İlk fiziksel belirtisi ayak başparmağının dışa doğru çıkıntısı olan halluks valgusun tanısında hastanın durumu detaylıca sorgulanır. Hastanın şikayeti belirli bir bölgeye odaklanan ağrıdan ayakkabı giyme sorunlarına kadar çok çeşitli şekillerde karşımıza çıkar. Muayenede, hasta, otururken ve ayağının üzerine basar pozisyondayken incelenir. Ayağın yapısı, başparmaktaki deformasyonun şiddeti, diğer parmaklarda herhangi yapısal bir bozukluk olup olmadığı gözlenir. Çıkıntının şekli ve büyüklüğü değerlendirilerek uygulanacak tedavi yöntemi belirlenir. Kesin tanı için kullanılacak yöntem ayakta çekilen röntgendir. Bunun dışında ekstra bir tanı yöntemine genellikle gerek duyulmaz. Bazen MR’a başvurulabilir.

Halluks Valgus Tedavisi

Halluks Valgus’un tedavisi, hastalığın derecesiyle şekillenir. İleri seviyede olan hastalara cerrahi yöntemler uygulanması gerekirken, hastalığın ilk evrelerinde konservatif tedavi (koruyucu) yöntemleri uygulanır. Konservatif tedavi yöntemleri deformiteyi düzeltmekten çok belirtileri gidermeyi ve deformitenin ilerlemesini durdurmaya yöneliktir. Ayak parmaklarının rahat hareket etmesini sağlayan geniş burunlu ve yumuşak ayakkabılar seçilmesi önerilir. Bu tür ayakkabılar şikayetleri önemli ölçüde azaltır. Belirtilerin azaltılmasında parmak arası makara, halluks valgus ateli ve bunyon yastıkları kullanılır.

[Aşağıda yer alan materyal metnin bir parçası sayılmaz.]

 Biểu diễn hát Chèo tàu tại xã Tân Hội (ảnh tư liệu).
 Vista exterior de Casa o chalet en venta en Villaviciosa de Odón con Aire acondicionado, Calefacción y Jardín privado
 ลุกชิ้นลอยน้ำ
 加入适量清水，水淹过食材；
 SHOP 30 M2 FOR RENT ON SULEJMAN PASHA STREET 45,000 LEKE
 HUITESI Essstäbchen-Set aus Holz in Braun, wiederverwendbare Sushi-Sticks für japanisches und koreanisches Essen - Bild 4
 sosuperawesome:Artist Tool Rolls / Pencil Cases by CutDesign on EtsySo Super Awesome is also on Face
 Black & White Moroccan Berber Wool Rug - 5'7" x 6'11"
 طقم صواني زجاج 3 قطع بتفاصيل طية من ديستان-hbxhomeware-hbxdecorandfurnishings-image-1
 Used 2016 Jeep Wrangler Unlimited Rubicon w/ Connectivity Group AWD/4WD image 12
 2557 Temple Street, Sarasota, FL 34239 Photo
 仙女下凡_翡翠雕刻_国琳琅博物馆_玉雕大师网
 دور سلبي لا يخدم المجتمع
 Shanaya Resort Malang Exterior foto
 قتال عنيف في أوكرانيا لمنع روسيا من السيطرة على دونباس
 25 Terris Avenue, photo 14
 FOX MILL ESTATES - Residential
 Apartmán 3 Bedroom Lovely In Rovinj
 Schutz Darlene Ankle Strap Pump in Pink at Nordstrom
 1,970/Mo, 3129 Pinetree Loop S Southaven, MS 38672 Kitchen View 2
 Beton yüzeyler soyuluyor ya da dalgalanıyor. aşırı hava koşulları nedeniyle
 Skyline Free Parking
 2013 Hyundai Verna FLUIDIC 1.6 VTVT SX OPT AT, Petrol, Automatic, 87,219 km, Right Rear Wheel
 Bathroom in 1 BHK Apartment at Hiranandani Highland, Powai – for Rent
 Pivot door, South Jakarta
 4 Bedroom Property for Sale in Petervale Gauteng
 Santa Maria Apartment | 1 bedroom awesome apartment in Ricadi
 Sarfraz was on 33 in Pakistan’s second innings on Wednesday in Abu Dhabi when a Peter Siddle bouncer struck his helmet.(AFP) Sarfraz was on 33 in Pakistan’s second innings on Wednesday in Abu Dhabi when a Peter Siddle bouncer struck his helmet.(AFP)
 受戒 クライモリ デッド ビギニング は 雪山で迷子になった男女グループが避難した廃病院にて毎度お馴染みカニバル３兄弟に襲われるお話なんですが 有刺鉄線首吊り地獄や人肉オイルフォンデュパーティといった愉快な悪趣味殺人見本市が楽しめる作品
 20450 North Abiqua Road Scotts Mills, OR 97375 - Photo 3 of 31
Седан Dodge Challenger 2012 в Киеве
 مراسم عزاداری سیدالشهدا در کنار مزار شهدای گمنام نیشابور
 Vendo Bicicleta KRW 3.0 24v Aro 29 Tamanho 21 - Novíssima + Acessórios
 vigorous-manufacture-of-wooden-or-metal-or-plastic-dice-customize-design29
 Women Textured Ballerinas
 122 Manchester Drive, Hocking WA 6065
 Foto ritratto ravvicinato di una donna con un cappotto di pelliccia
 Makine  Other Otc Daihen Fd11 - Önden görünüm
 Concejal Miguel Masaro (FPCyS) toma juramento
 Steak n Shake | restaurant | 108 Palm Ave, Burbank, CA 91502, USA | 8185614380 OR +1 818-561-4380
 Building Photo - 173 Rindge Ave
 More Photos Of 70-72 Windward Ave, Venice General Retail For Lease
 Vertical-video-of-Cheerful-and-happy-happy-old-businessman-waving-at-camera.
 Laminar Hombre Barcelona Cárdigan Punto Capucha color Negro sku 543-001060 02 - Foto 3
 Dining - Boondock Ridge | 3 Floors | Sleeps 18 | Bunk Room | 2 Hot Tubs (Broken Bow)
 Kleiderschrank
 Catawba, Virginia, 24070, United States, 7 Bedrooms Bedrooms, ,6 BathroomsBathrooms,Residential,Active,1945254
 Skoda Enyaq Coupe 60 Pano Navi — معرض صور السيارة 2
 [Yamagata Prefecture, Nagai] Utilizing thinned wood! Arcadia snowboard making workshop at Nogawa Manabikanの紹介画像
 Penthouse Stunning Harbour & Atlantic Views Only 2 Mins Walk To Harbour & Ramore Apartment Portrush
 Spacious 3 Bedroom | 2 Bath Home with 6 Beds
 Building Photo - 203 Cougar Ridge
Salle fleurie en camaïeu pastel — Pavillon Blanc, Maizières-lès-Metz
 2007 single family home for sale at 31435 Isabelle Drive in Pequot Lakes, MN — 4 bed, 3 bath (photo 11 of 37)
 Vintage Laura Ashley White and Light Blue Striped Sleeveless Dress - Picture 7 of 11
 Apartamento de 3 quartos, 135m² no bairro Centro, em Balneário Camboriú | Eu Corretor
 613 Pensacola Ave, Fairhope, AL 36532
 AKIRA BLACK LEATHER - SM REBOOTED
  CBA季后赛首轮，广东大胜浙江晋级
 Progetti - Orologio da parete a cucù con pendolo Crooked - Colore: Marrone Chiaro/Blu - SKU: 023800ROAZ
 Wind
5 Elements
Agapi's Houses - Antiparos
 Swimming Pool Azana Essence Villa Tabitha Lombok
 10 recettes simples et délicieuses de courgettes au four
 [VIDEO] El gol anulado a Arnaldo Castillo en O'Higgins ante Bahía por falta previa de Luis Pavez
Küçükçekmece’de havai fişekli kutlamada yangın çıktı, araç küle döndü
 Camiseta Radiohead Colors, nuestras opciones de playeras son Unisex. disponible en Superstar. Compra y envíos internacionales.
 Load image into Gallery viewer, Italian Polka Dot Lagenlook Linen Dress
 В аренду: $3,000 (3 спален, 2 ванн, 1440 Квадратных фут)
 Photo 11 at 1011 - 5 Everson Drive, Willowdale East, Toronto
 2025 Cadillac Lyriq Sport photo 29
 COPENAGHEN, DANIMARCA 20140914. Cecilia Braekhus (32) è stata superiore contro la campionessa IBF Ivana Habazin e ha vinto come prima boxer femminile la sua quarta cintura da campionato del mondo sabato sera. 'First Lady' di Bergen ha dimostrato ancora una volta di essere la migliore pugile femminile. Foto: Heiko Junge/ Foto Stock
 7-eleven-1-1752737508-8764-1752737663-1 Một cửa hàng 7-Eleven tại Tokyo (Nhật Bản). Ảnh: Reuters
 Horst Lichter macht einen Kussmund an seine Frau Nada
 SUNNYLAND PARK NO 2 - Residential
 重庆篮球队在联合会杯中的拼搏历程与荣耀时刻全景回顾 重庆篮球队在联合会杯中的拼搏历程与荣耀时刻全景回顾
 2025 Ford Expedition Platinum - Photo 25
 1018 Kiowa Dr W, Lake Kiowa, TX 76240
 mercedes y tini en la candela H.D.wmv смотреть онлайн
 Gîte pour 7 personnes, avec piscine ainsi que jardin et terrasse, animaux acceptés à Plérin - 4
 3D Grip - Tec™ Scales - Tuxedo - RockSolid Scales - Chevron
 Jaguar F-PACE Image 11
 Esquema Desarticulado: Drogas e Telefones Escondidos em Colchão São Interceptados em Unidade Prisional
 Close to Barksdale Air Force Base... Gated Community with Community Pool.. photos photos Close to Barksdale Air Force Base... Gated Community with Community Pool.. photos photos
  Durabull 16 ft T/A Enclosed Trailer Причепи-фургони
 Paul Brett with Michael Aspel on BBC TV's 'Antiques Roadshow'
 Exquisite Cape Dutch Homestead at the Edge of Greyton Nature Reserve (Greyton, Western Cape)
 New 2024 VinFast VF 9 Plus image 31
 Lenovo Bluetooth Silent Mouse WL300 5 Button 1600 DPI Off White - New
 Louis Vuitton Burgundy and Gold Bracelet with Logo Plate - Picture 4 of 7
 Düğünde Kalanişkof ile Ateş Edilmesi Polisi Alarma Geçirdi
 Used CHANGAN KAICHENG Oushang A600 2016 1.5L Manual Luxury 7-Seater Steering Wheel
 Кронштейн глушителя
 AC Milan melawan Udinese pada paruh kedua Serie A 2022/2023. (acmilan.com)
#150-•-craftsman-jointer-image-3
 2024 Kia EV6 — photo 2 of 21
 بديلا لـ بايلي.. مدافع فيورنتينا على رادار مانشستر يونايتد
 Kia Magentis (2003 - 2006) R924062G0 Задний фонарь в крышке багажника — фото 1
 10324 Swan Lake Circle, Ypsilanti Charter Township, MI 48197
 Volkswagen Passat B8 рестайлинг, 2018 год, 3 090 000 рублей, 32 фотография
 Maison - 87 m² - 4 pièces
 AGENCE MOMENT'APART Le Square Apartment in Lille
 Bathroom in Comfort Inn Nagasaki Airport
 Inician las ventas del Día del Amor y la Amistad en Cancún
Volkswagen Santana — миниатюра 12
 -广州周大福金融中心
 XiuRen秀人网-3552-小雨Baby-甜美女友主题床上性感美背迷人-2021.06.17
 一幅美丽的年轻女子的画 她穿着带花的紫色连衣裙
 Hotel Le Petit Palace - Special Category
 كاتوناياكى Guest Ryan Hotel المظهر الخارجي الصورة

Cerrahi tedavide ise amaç başparmaktaki çıkıntıyı ortadan kaldırarak eklem hareket ve fonksiyonlarını korumaktır. Halluks valgus’un farklı çeşitleri olduğu için her türe göre farklı cerrahi işlem uygulanır. Kemik, tendon ve bağ ve sinirler eski düzenine getirilerek yumru çıkartılır. Birçok ameliyat aynı gün içerisinde rejyonel ya da genel anestezi ile yapılır. Ameliyat sonrasında iyileşme süreci hastalığın derecesine, hastanın yaşına ve aktivite derecesine göre değişiklik gösterir. Yapılan cerrahi müdahale başarılı geçmişse hastalığın tekrarlama olasılığı oldukça düşüktür.

Halluks valgus tedavisinde uygulanan ameliyatsız yöntemler şekil bozukluğunu düzeltmekte faydalı değildir. Özellikle ağrı gibi şikayetleri giderebilir, azaltabilir, geceleri rahat uyku çektirebilir. Gece ateli ve parmak arası makaraları hastalarımıza uygulattığımızda önemli oranda ağrıların dindiğini söylüyorlar. Hastaları uzun bir süre görmüyoruz, biliyoruz ki sorunlar azalmış ya da ortadan kalkmış. Ancak belli bir süre sonra ameliyatsız yöntemler de fayda etmemeye başlayıp tekrar bize başvurabiliyorlar. Yani ameliyatsız yöntemler hem şikayetleri azaltmak hem de ameliyat zamanını ötelemek için kullanılabilir. Kesin tedavi cerrahidir. Tabi burada hangi hastaya ameliyatsız yöntemlerin, hangi hastalara cerrahi tedavinin uygulanacağına iyi karar vermek gerekir.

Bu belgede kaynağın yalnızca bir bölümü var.